Walking through the steps of a successful real estate parking transaction and tax deferred exchange illustrates the flexibility allowed taxpayers by Rev. Proc. 2000-37. A typical real estate parking transaction involving an income producing asset would be achieved as follows under the new reverse exchange rules:
Step No. 1 The taxpayer enters into a contract to acquire a potential Replacement Property and arranges acquisition financing, in the form of seller
financing, third party financing or the taxpayer advances the acquisition funds.
Step No. 2 The taxpayer enters into a written qualified exchange accommodation agreement ("QEAA") with an exchange accommodation titleholder
("EAT") before the EAT acquires any qualified indicia of ownership. The QEAA may permit the taxpayer or the taxpayer's designee to acquire the parked property for a fixed price at the end of the safe harbor parking period and the EAT and the taxpayer may agree to a transfer at the end of the safe harbor parking period to the taxpayer the entire ownership interest in any special purpose entity used by EAT to hold the parked property.
Step No. 3 The EAT acquires title to the Replacement Property, with financing arranged by the taxpayer and sometimes guaranteed by the taxpayer. A sophisticated EAT may use a single member, special purpose, single asset limited liability company to hold title to the parked property (a "Single Purpose Entity" or "SPE"). The use of an SPE is designed to minimize any exposure to EAT's other assets and protects the taxpayer's expectation that the parked property will not be commingled with other assets or liabilities of the EAT.
Step No. 4 Either in the QEAA or in a separate identification notice, the taxpayer identifies one or more relinquished properties to complete the exchange and delivers the identification notice to the EAT within 45 days after the EAT first acquires title to the parked property.
Step No. 5 The EAT may triple net lease the parked property to the taxpayer for a period that does not exceed the safe harbor parking period with lease rates set at a level intended to meet any debt service requirements and operating expense requirements borne directly by the EAT.
Step No. 6 While the parked property is held by the EAT, the taxpayer locates a buyer for the Relinquished Property and enters into a sale agreement.
Step No. 7 Taxpayer enters into an exchange agreement with a QI and assigns to the QI the taxpayer's right to dispose of the Relinquished Property to the buyer. Taxpayer also assigns to QI the right to acquire the parked property held by EAT under the QEAA.
Step No. 8 The QI causes the taxpayer to convey the Relinquished Property by "direct deed" to the buyer, who transfer the exchange proceeds to the QI. In turn, the QI uses the exchange proceeds to buy the parked property from the
EAT, who uses the same sales proceeds to satisfy any closing costs and any acquisition debt that is not intended to be assumed by the taxpayer upon completion of the exchange.
Step No. 9 Under the exchange agreement, the QI directs the conveyance of the parked property from the EAT to the taxpayer by "direct deeding" the parked property to complete the exchange.
PROS AND CONS OF EXCHANGE LAST vs. EXCHANGE FIRST:
Exchange Last (most common, park Replacement Property):
a. Where acquisition of a specific parked Replacement Property will not fully defer gain realized on disposition of the Relinquished Property, Section 1031(a)(3) periods will start later.
b. If the taxpayer is not certain about which of several Relinquished Properties will be utilized in the exchange, the decision can be made when a contract to sell one of them is made, rather than at the time the Replacement Property is acquired.

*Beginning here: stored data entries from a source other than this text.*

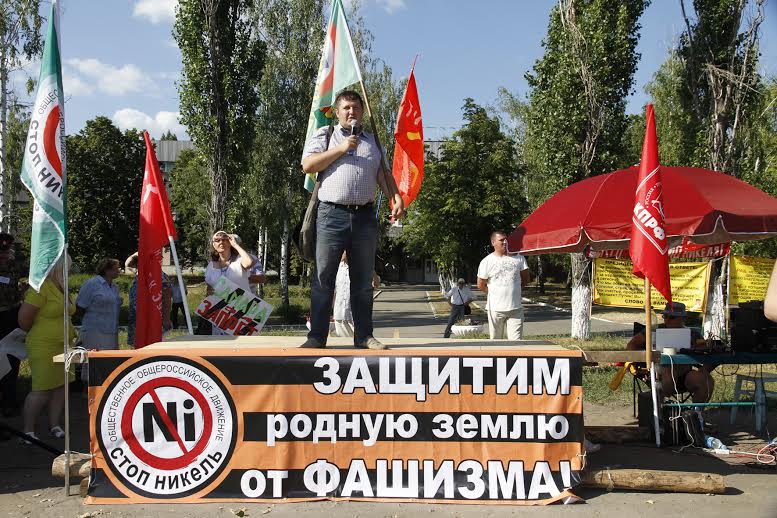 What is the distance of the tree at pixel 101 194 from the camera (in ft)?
141

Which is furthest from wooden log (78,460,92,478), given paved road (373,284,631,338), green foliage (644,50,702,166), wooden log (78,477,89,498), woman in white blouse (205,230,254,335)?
green foliage (644,50,702,166)

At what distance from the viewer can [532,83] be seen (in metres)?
19.6

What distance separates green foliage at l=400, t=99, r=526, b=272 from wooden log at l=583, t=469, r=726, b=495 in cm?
2261

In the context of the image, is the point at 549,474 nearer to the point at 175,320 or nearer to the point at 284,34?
the point at 175,320

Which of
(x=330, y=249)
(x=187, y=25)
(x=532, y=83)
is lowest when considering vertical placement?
(x=330, y=249)

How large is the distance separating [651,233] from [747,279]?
1115cm

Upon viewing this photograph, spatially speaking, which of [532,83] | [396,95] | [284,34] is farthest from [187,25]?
[396,95]

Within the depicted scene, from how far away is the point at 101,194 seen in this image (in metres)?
43.4

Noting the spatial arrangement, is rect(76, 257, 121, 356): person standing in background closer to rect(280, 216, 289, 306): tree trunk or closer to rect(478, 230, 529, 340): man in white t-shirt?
rect(478, 230, 529, 340): man in white t-shirt

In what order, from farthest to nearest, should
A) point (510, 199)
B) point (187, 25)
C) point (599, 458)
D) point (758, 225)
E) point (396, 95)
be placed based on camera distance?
point (396, 95) → point (510, 199) → point (187, 25) → point (758, 225) → point (599, 458)

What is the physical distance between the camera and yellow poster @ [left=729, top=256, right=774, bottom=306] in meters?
15.1

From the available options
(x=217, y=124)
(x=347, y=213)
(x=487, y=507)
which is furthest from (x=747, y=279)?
(x=217, y=124)

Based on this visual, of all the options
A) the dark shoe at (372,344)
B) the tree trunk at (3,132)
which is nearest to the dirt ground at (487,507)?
the dark shoe at (372,344)

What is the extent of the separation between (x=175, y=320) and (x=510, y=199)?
1427cm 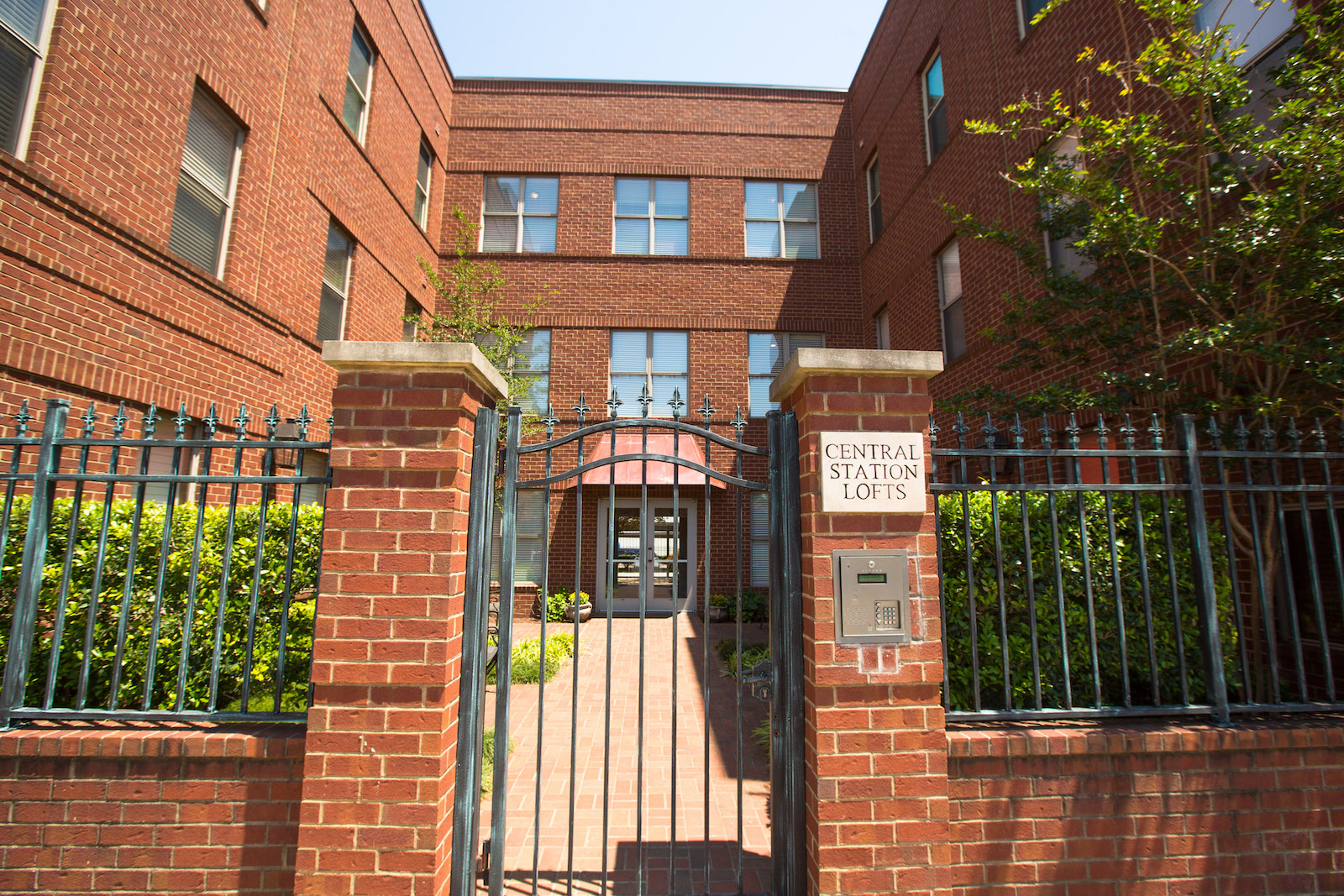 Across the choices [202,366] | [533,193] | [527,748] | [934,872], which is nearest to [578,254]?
[533,193]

[Note, however, that for transactions intended to qualify for the safe harbor under Rev. Proc. 2000-37, the taxpayer's flexibility will be limited by the 45-day
identification requirement.]
c. For non-safe harbor transactions, there is less risk that the EAT will be disregarded and the taxpayer treated as having never transferred the parked property since the parked property will not have previously been owned or controlled by taxpayer.
d. Since the exchange takes place concurrently with the sale of the Relinquished Property, reconciliation of equity values can occur with knowledge of the market value of the Relinquished Property, rather than based on a value assumed at the time of the Replacement Property's purchase.
e. For build-to-suit arrangements, Exchange Last is the only option.
Exchange First (park Relinquished Property, decision often driven by lender):
a. When a lender providing outside purchase financing for acquisition of the Replacement Property requires the Taxpayer to secure the loan with a mortgage, exchange-first allows the taxpayer to execute a mortgage since the taxpayer is obtaining title to Replacement Property immediately.
b. If Replacement Property has particular management problems, immediate acquisition of title by the taxpayer may be necessary.
c. It may just be too late to change deeds already drawn and executed conveying title of Replacement Property to taxpayer.
d. For safe harbor QEAA transactions, there is no identification requirement in the exchange-first structure. The only time constraint is the 180-day period during which the EAT must dispose of the parked Relinquished Property to a third-party buyer.